A second possibility is that Rbrs are oxidatively damaged. There is a potential problem inherent to the Rbr catalytic cycle: reduction of the oxidized (Fe³⁺/Fe³⁺) form requires two consecutive encounters with reduced rubredoxin. What happens if H₂O₂ enters the active site of the mixed-valence (Fe²⁺/Fe³⁺) intermediate? A univalent Fenton reaction seems likely, generating a ferryl radical that could either decompose into a hydroxyl radical or else directly abstract an electron from surrounding residues. In fact, workers have observed the formation of nearby tyrosyl radicals during turnover with excess H₂O₂ (Kurtz, 2006). Such polypeptide oxidation could inactivate the enzyme. The risk would run higher when H₂O₂ becomes competitive with reduced rubredoxin for the mixed-valence enzyme—that is, when H₂O₂ concentration is high or the metabolic provision of reducing equivalents is low. Both situations apply when B. thetaiotaomicron enters oxic environments, due to rapid endogenous H₂O₂ formation and oxidative poisoning of metabolism. In our experiments Rbr scavenging activity invariably slowed over the course of H₂O₂ exposure, and it slowed more quickly in strains lacking any other scavenger (Fig. 6B), as if H₂O₂ itself were the problem. Scavenging did not resume when cells were restored to anoxic conditions, which would be consistent with irreversible enzyme damage.

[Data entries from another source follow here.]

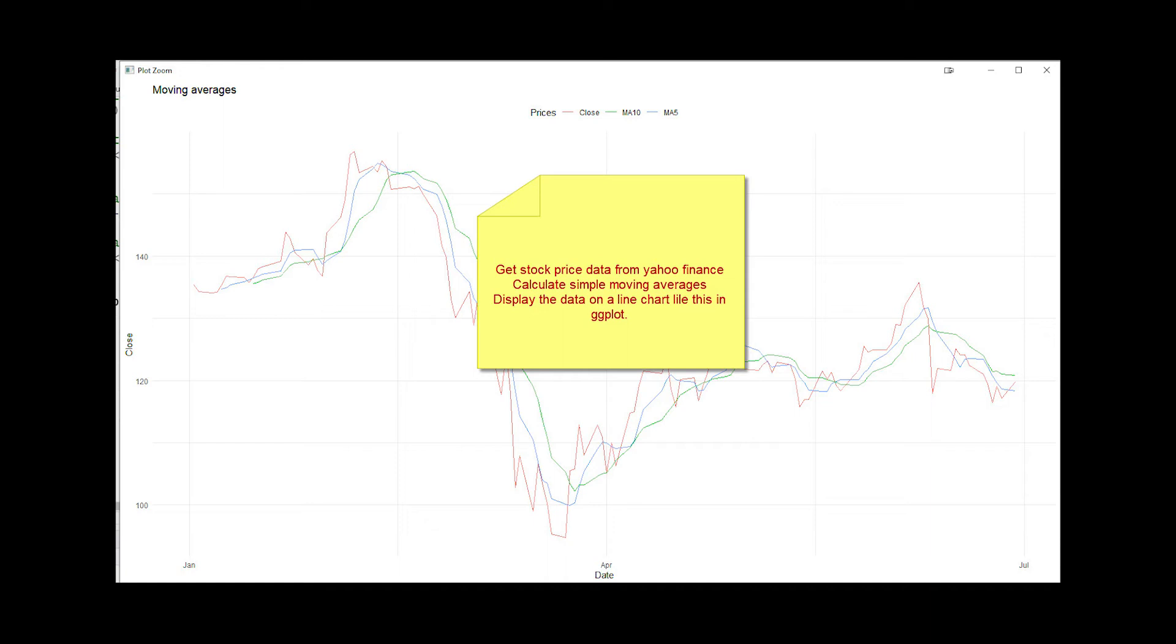Hi, welcome back. In this video we will grab the data for a stock, calculate moving average, and plot the closing value and the moving average in a line plot using ggplot.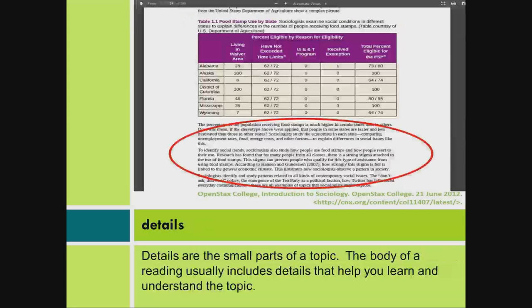Details. Details are the small parts of a topic. The body of a reading usually includes details that help you learn and understand the topic.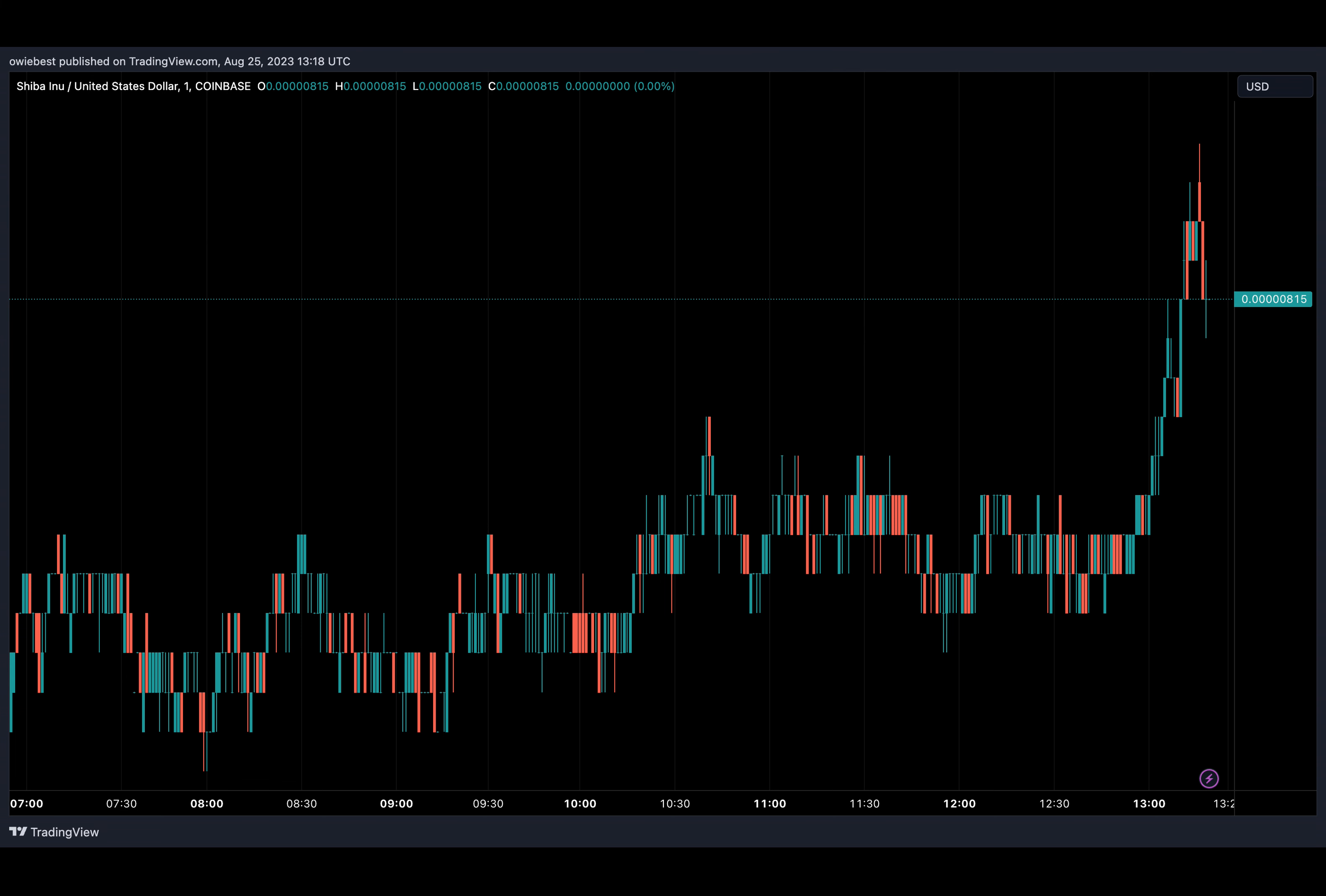However, the price of SHIB has not reacted positively to this news as initially expected. The meme coin is currently trading at 0.00000022 at the time of this writing, down 3.17% and 4.06% on the daily and weekly charts respectively.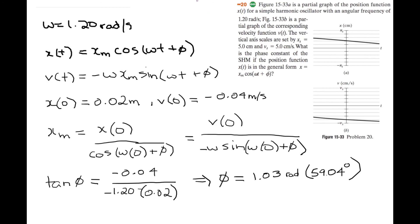This looks like a very complicated problem, but you just have to solve both equations in terms of xm and make them equal to each other. Then you have sine of phi over cosine of phi, which is just tan of phi, and you set that equal to a fraction and solve for phi.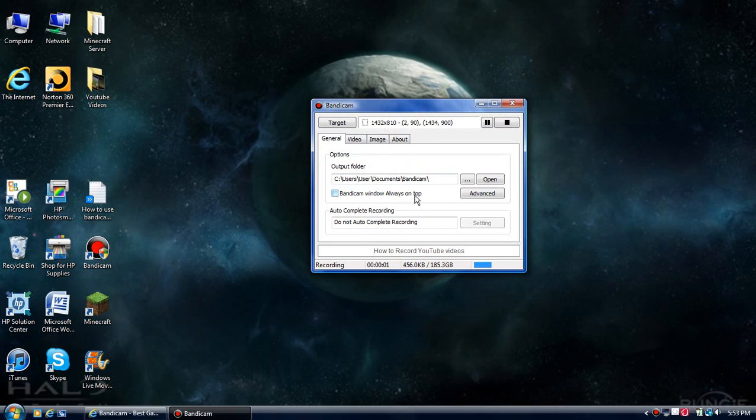Alright, what's up guys? Max Voltage Games here with a tutorial video on a screen capturing program called Bandicam.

A non-exclusive alternative is that electron flow to rubredoxin, and thus to Rbr, slows and stops when B. thetaiotaomicron metabolism is poisoned by oxygen. In particular, molecular oxygen inactivates its pyruvate:acceptor oxidoreductase (POR), the central metabolic enzyme that transfers electrons to univalent acceptors (Pan & Imlay, 2001). Univalent electron flow is necessary for hydrogen production, a keystone fermentative action of B. thetaiotaomicron (Figure 11A). POR activity is substantially diminished within 40 min of aeration and becomes undetectable within two hours, a time frame that is roughly congruent with the diminution of Rbr turnover. If POR is an important conduit for univalent electrons that find their way, directly or indirectly, to rubredoxin, then this inactivation might compromise Rbr function.

Fig. 11. Schemes of metabolic flow in anoxic and aerated B. thetaiotaomicron.

(A) Anaerobic metabolism. NADH generated during glycolysis is reoxidized through reduction of PEP to succinate. Other PEP is oxidatively decarboxylated by pyruvate:acceptor oxidoreductase (POR), with transfer of electrons via a carrier (here, ferredoxin, Fd) to hydrogenase. (B) Metabolism upon aeration (Pan & Imlay, 2001). The inactivation of fumarase blocks NADH reoxidation, and in the absence of fumarate the residual electron flow to fumarate reductase is likely to allow its autoxidation with ROS formation. POR loses activity, eliminating its reduction of univalent acceptors. NADH reoxidation through pyruvate reduction is not adequate to sustain glucose catabolism. Abbreviations: PEP, phosphoenolpyruvate. OAA, oxaloacetate. Fum, fumarase. Frd, fumarate reductase. POR, pyruvate:acceptor oxidoreductase. Fd, ferredoxin.

Further work is necessary to test these hypotheses. In any case, the inability of rubrerythrin to function in oxic habitats is presumably the raison d’etre of the induction of Ahp. In contrast to Rbrs, Ahp is directly driven by NADH, a divalent electron donor. The significance is that NADH is produced by the sections of B. thetaiotaomicron central metabolism that remain functional even in oxic environments: glycolysis during the catabolism of carbohydrates (Fig. 11B), and lactate dehydrogenase during the catabolism of lactate (not shown). Indeed, when glucose-fed B. thetaiotaomicron are exposed to oxygen, the succinate/acetate production shifts to lactate production, as the cell reduces pyruvate in order to reoxidize its accumulating NADH (Pan & Imlay, 2001). Thus, despite disruption of downstream metabolism, NADH pools remain available to drive H₂O₂ reduction by Ahp. Our data showed that Ahp remained active for at least 12 hours, long after POR was inactive and cell growth had ceased.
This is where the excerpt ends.